With the release of the American Community Surveys (ACS) 2017 5-Year Estimates we can examine the counties of Arkansas on average during the 2013-2017 period. We decided to examine some socio-economic indicators such as number of households, median income, education, and race distribution in order to see how they’re distributed across the counties.

Most counties in the state have less than 14,000 total households, with a median of 7,555 households. The disproportionally large number of households in Washington (84,460), Benton (90,906), and Pulaski counties (155,435) shows how the state’s population is divided between smaller rural counties and the  urban centers of northwest and central Arkansas.

When comparing family households with the total number of households in each each county, the distribution of the family households is similar to the total number, and on average they account for 66.9% of total households. Lonoke County has the highest percent of family households at 75.3%, while Monroe County the lowest at 58.1%.

Benton County has the highest median income at $61,271, followed by Saline and Lonoke, at $58,985 and $57,290 respectively. The counties with the lowest median incomes are concentrated in the eastern section of the state, particularly around the Mississippi River Delta. Phillips has the state’s lowest median income in Arkansas at $26,652, barely half of Benton County’s. Higher median incomes tend to be concentrated in northwest and central Arkansas. In general, income levels are associated with levels of education, so that will be our next map.

Around 86% of Arkansas population that is 18 years or older has at least a highschool diploma or equivalent. The counties themselves range from percentages as low as 71.6% in Lee County to as high as 91.4% in Faulkner County. We do not know where the population obtained their highest level of education, but we can see that they tend to cluster around the urban centers in middle and northwest of the state, somewhat mirroring our previous map of median income. Also, we can see that the Delta region has 2 of the 3 counties with the lowest percentages of people who have a highschool diploma, while the rest of the counties are all below the median of 83.5%. Lastly we will examine whether the low income and education areas are afecting any groups disproportionately.

For our purposes, the state’s non-white population is composed of people who identify themselves as Black/African American, American Indian, Alaskan Naitive, Asian, Naitive Hawaiian, Pacific Islander, or other, and in this case there are Hispanics within both the White and Non-white categories. We can clearly see that the non-white population is not distributed evenly across the state. Northwest and north central Arkansas are predominantly white, with the percentages of non-whites in some counties as low as 2.9%. This  contrasts sharply with south and eastern portions of the state where the number of non-whites in six of the seven counties that border the Mississippi River top 50%.

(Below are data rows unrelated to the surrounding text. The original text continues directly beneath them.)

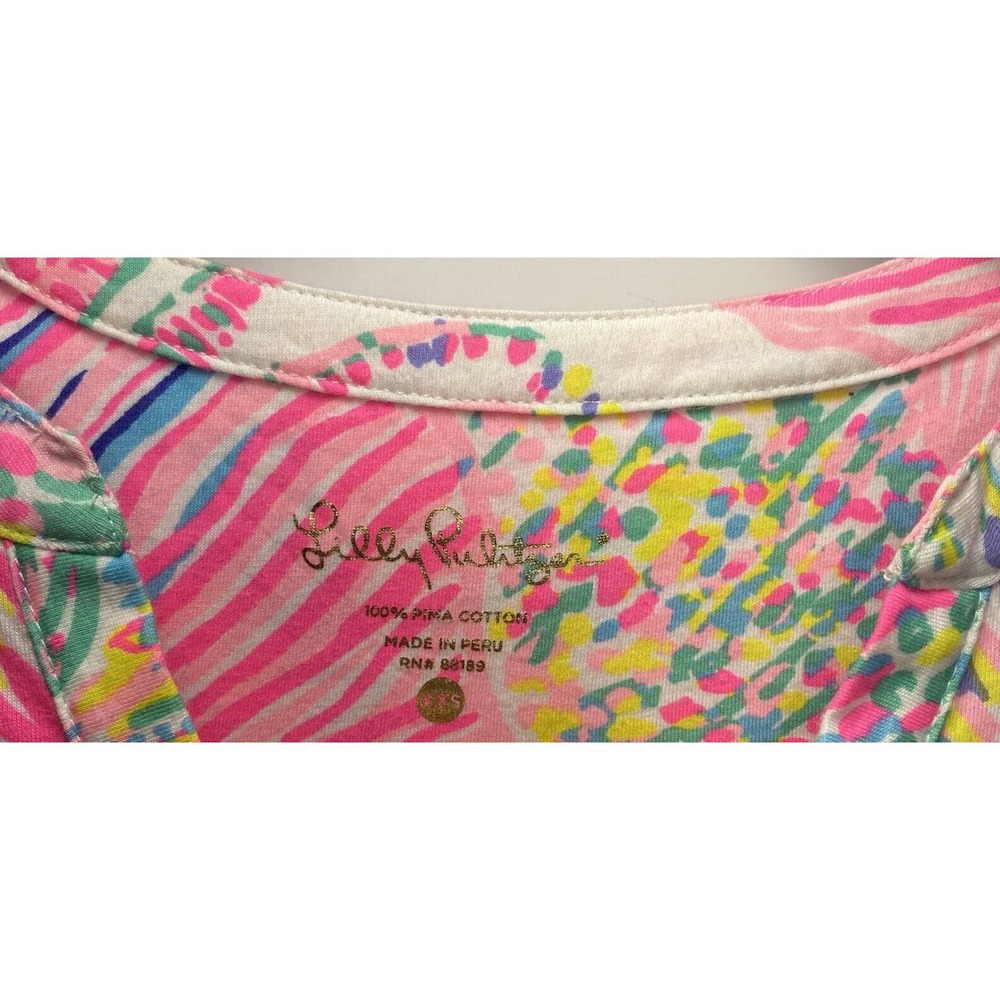 Lilly Pulitzer Dress Roar Of The Seas Long Sleeve Size XXS 100% Pima Cotton - Picture 3 of 4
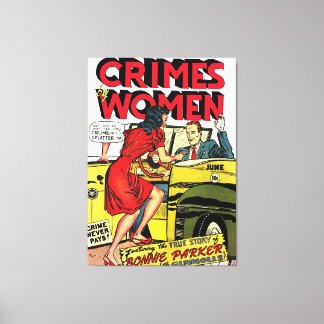 Women_Bonnie Parkerによるヴィンテージ漫画 キャンバスプリント
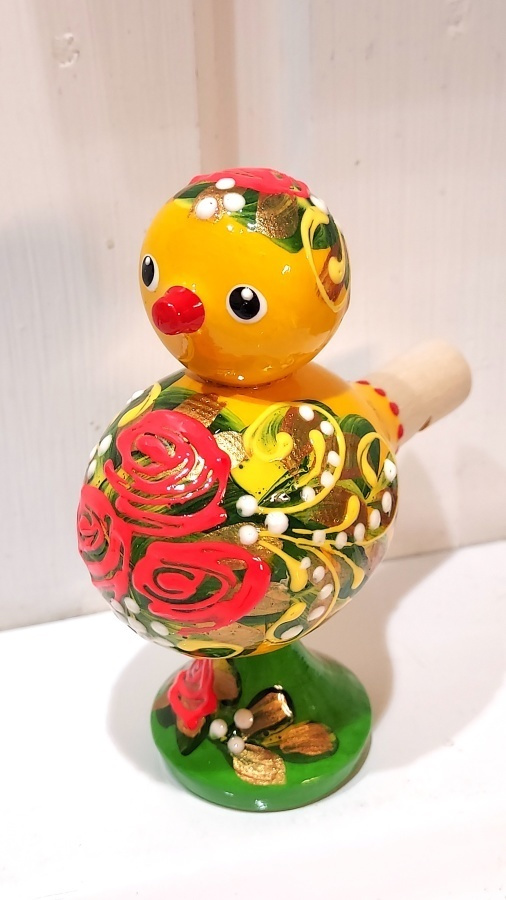 KAUNIS KÄSITYÖNÄ TEHTY KUKKOPILLI / PUUPILLI / LINTUPILLI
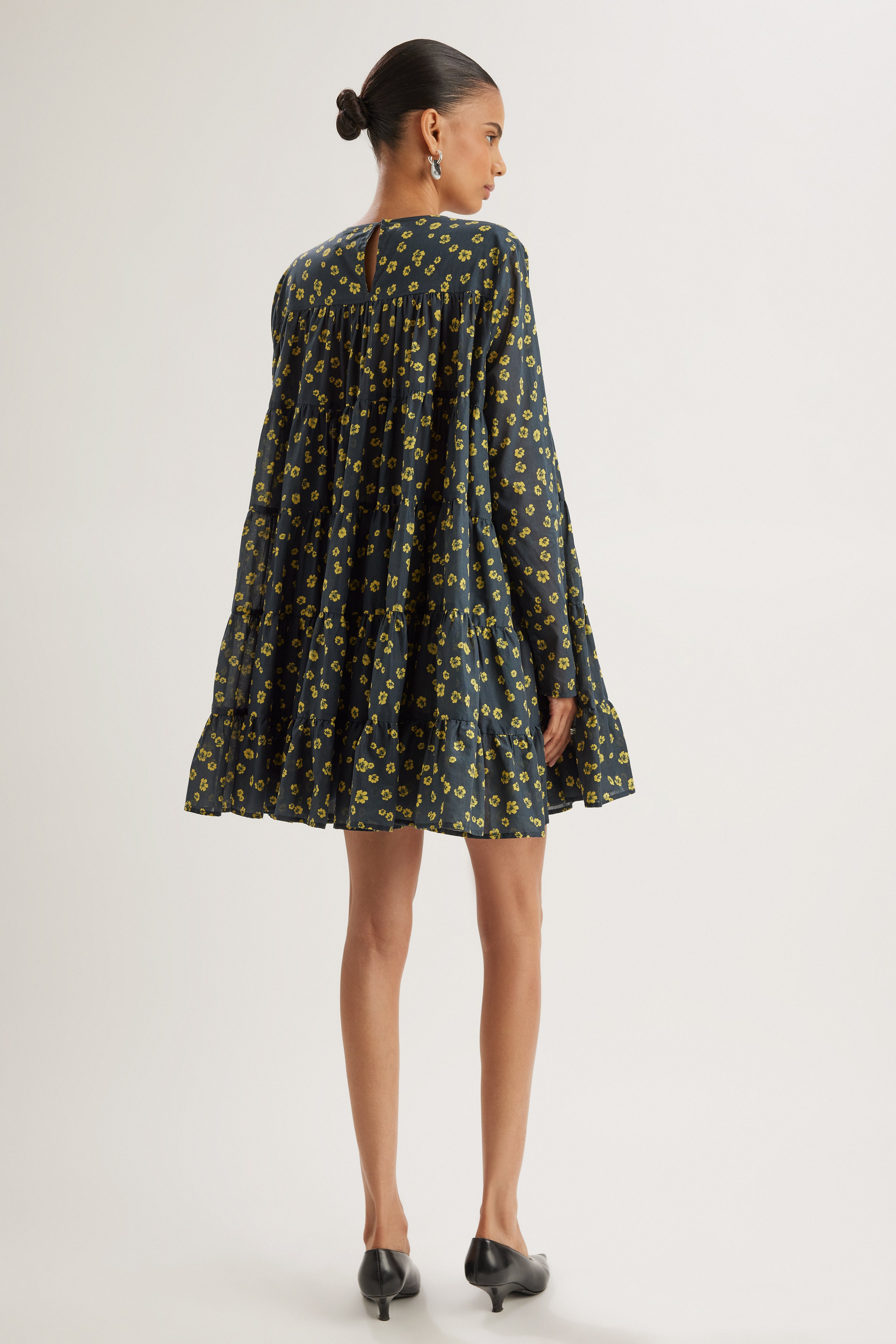 Soliman Dress in Lemon Navy Floral Print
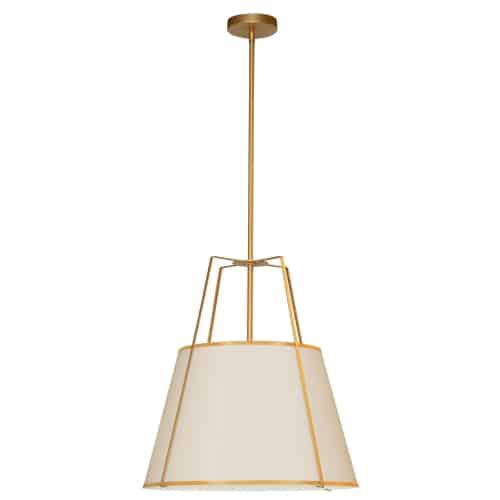 3LT Trapezoid Pendant GLD/CRM Shade, 790 Diff. Picture 1
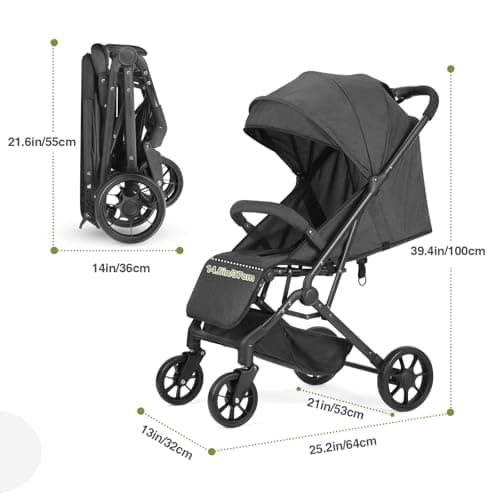 Convenience Baby Stroller – Lightweight & Compact Travel Umbrella Stroller, Quick One-Hand Fold, Lockable Rear Wheels, Adjustable Canopy, 5-Point Safety Harness & Shopping Basket (Black) — view 3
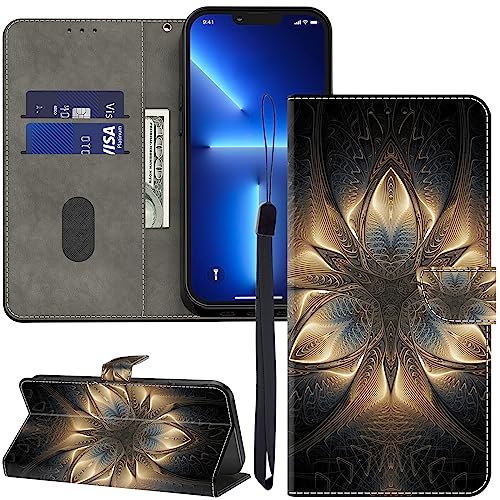 ALILANG for LG Stylo 6/ LG K71 Wallet Case with Credit Card Holder, Flip Book PU Leather Protective Magnetic Cover for LG Stylo 6 Phone Case-Golden Circles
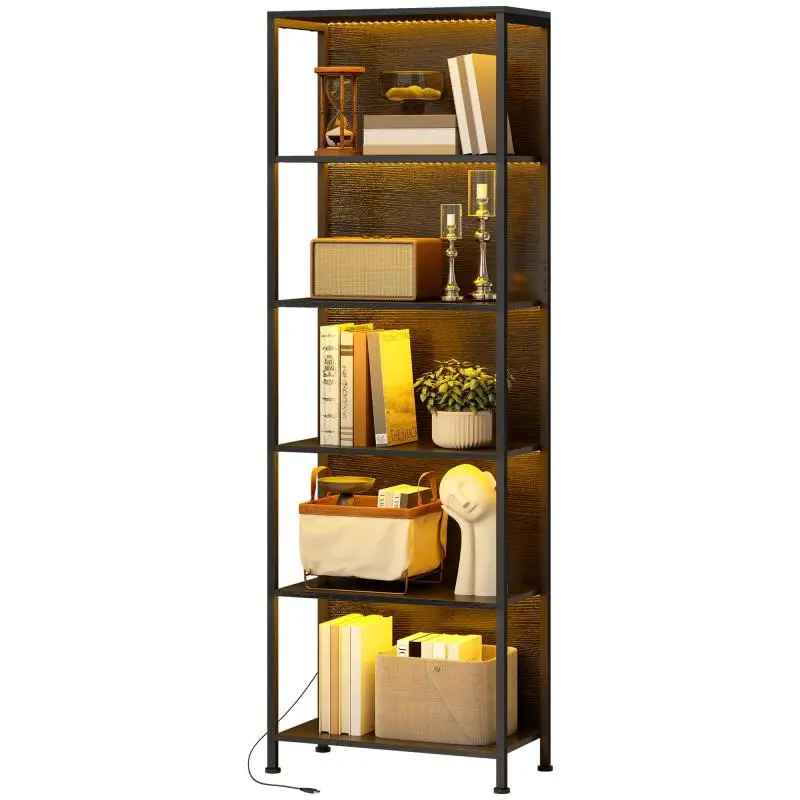 5-Tier Bookshelf with LED Lighting, Black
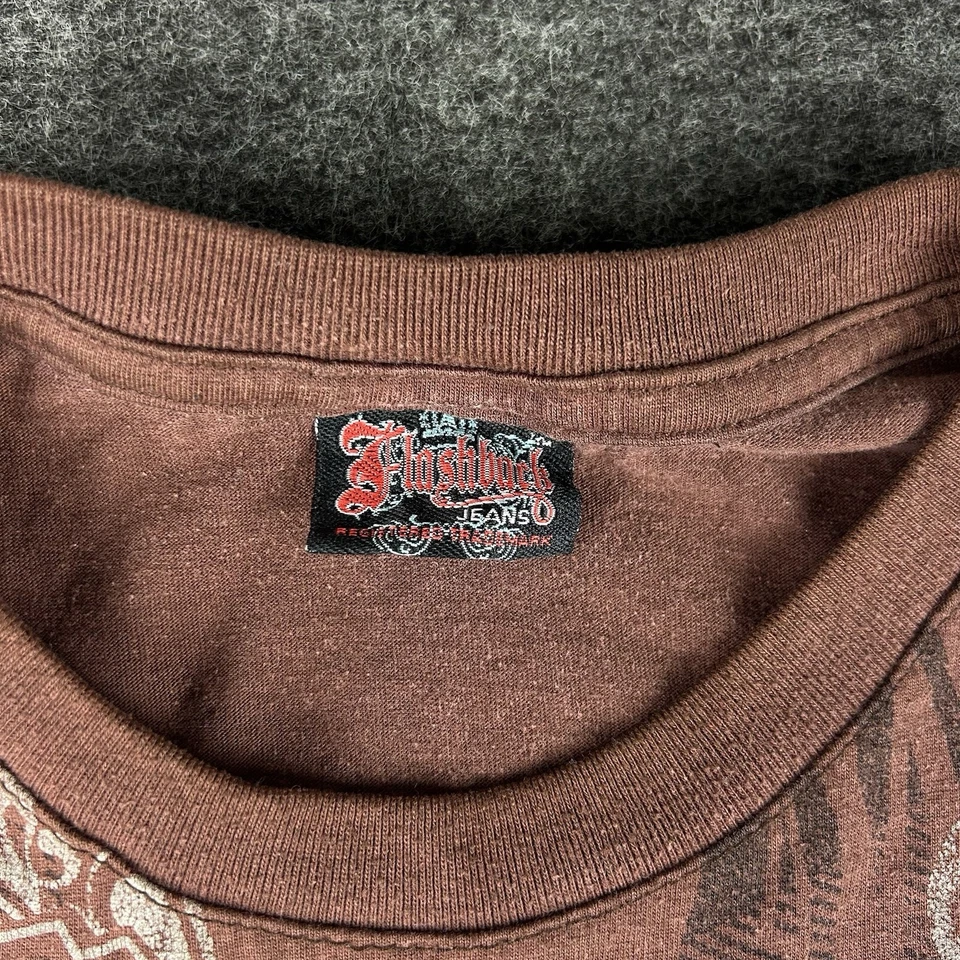 复古闪背牛仔裤衬衫男式棕色 M Motocross Grunge Cyber Y2K 图形 T 恤 00s — 第 4/4 张图片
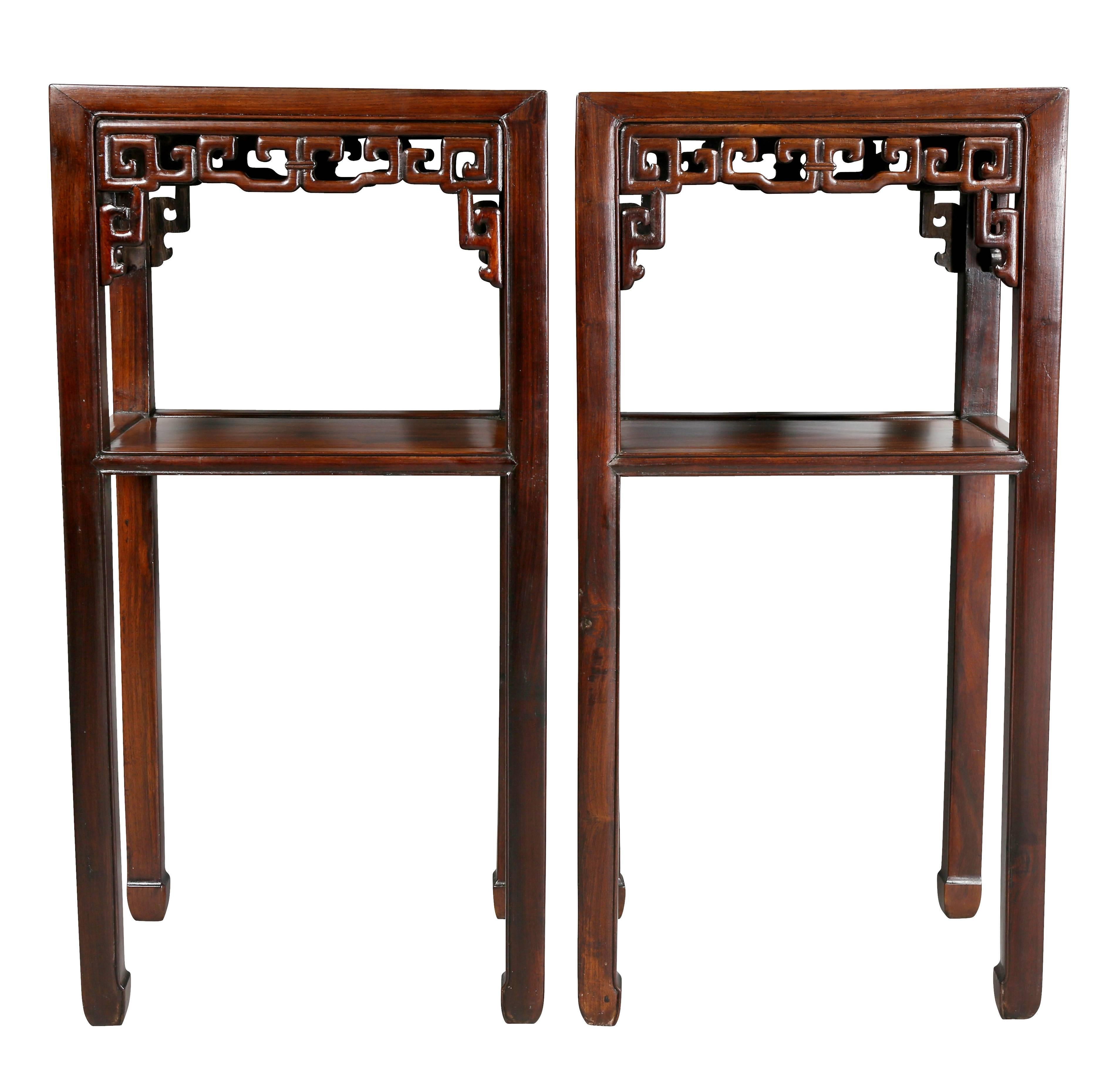 Pair of Chinese Hardwood Tall Tables In Good Condition In Essex, MA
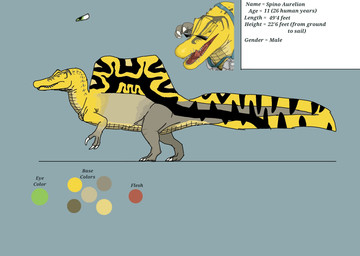 feral grey_legs grey_tail head_markings male markings multicolored_body sail_(anatomy) solo spino_aurelion standing tail text tongue tongue_out yellow_body yellow_tail gojifan747 dinosaur prehistoric_species reptile saurischian scalie spinosaurid spinosaurus theropod english_text hi_res model_sheet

Arkansas is a socio-economically diverse state. As the maps show, there are counties with low income and education levels across the state, however they tend to cluster towards the Mississipi River Delta region. The non-white and white population seems to be divided by an invisible line going from the state’s southwest to the north east, with higher concentration of white people as you move towards the left of the line and non-whites towards the right of the line. However, the data shows that the lower income and education levels disproportionately affects everyone living in the Delta region.